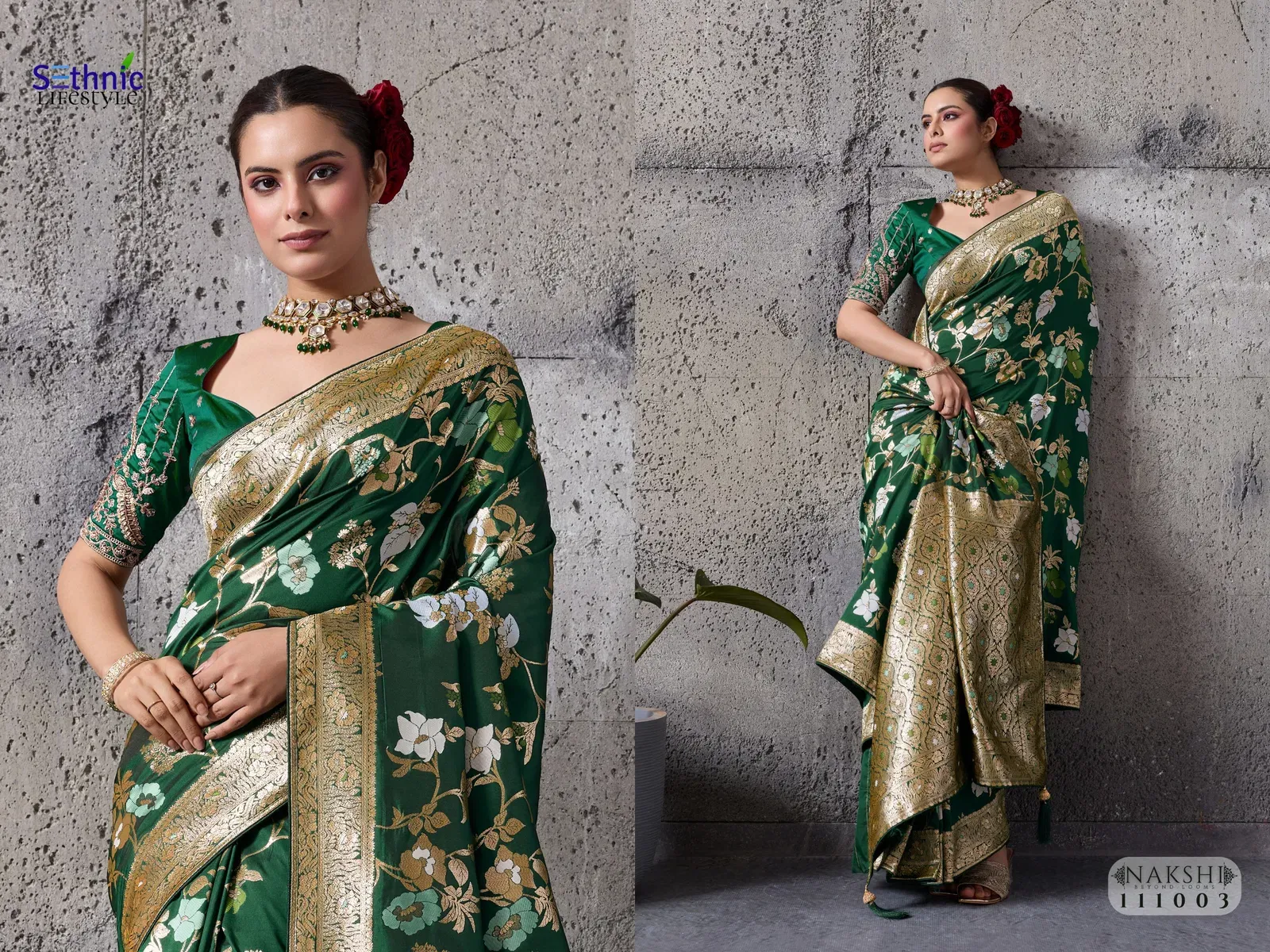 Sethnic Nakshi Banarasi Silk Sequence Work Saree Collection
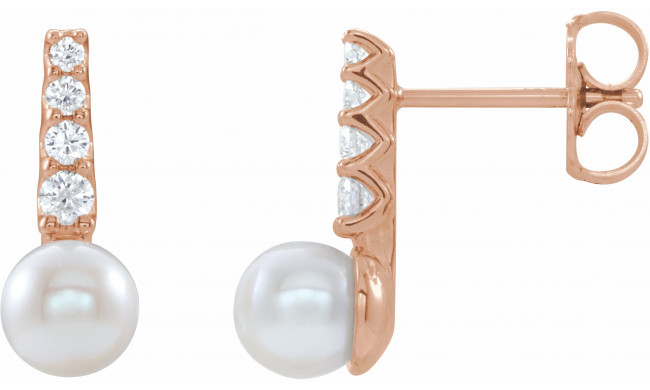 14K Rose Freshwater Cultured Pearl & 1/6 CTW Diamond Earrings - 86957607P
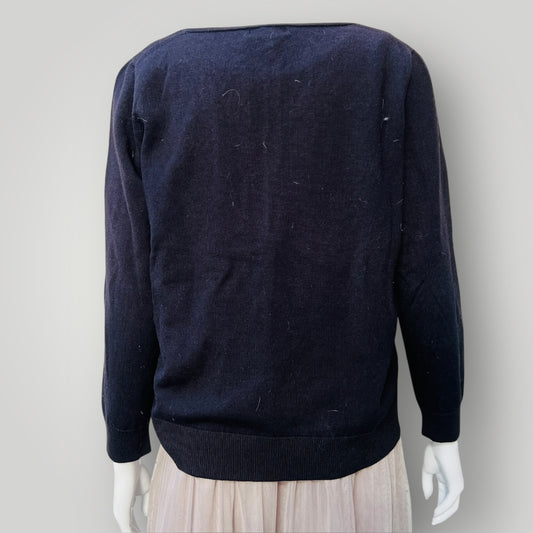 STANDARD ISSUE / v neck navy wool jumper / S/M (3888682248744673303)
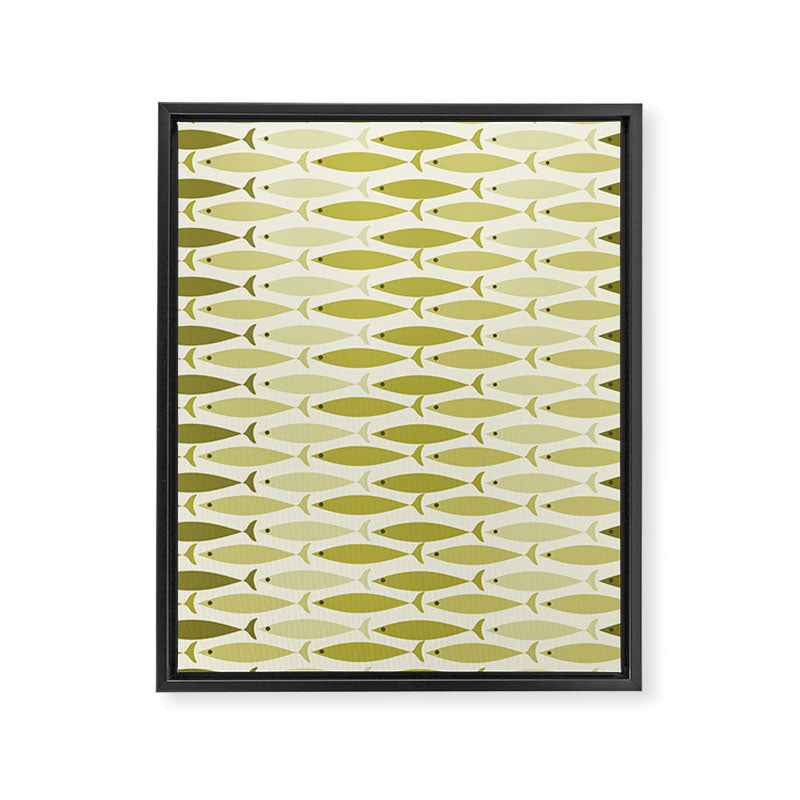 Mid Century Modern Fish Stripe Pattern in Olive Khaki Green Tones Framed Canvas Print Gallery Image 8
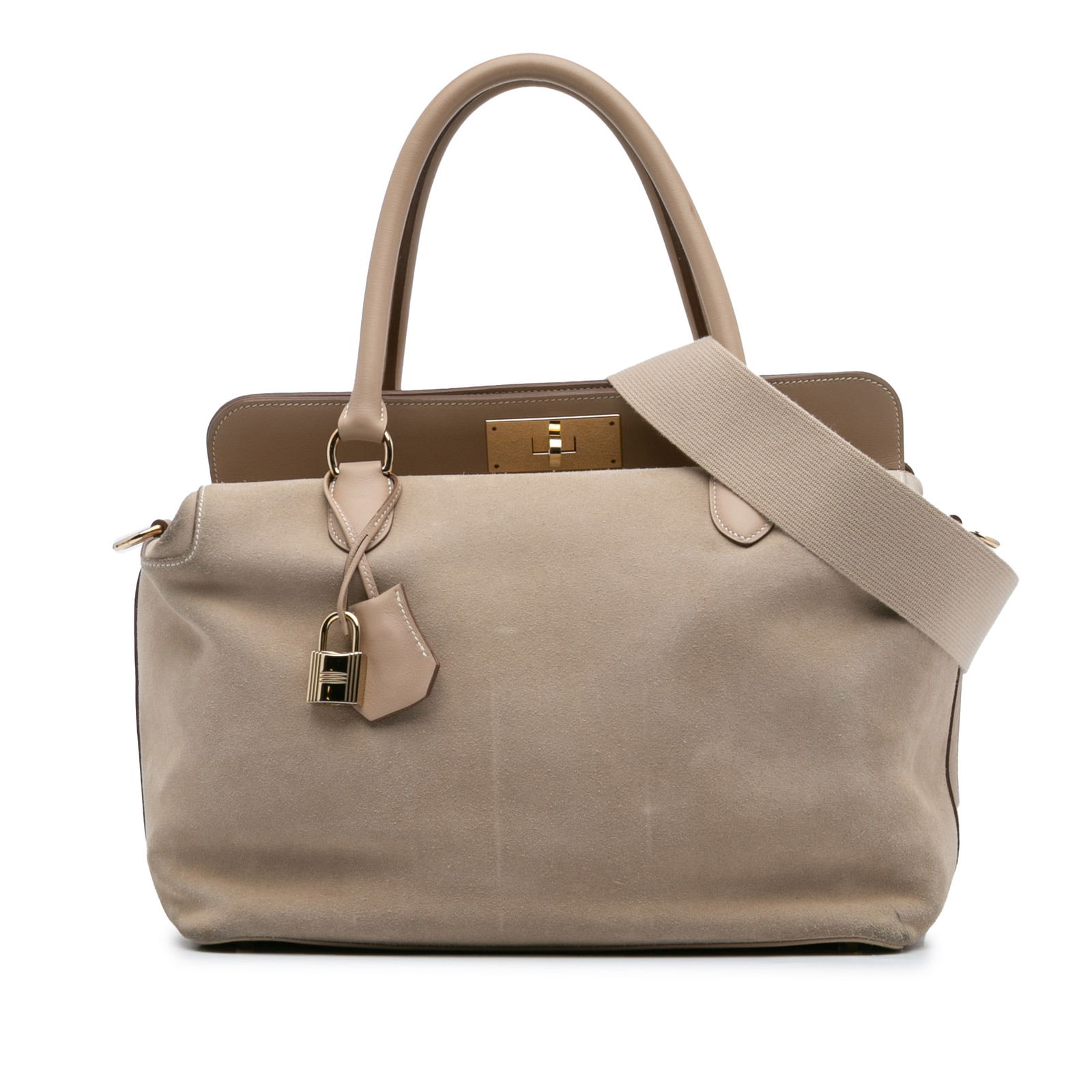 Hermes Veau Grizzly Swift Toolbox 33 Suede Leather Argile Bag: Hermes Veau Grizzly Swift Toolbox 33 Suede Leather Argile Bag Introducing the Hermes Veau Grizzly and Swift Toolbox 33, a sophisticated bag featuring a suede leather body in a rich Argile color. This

# [TASK DETAILS]
Before answering, find the line with "Mid Century Modern" in the records above; then reproduce exactly each line from the first through that line, leaving out pictures.

# [EXERCISE RESPONSE]
 Sethnic Nakshi Banarasi Silk Sequence Work Saree Collection
 14K Rose Freshwater Cultured Pearl & 1/6 CTW Diamond Earrings - 86957607P
 STANDARD ISSUE / v neck navy wool jumper / S/M (3888682248744673303)
 Mid Century Modern Fish Stripe Pattern in Olive Khaki Green Tones Framed Canvas Print Gallery Image 8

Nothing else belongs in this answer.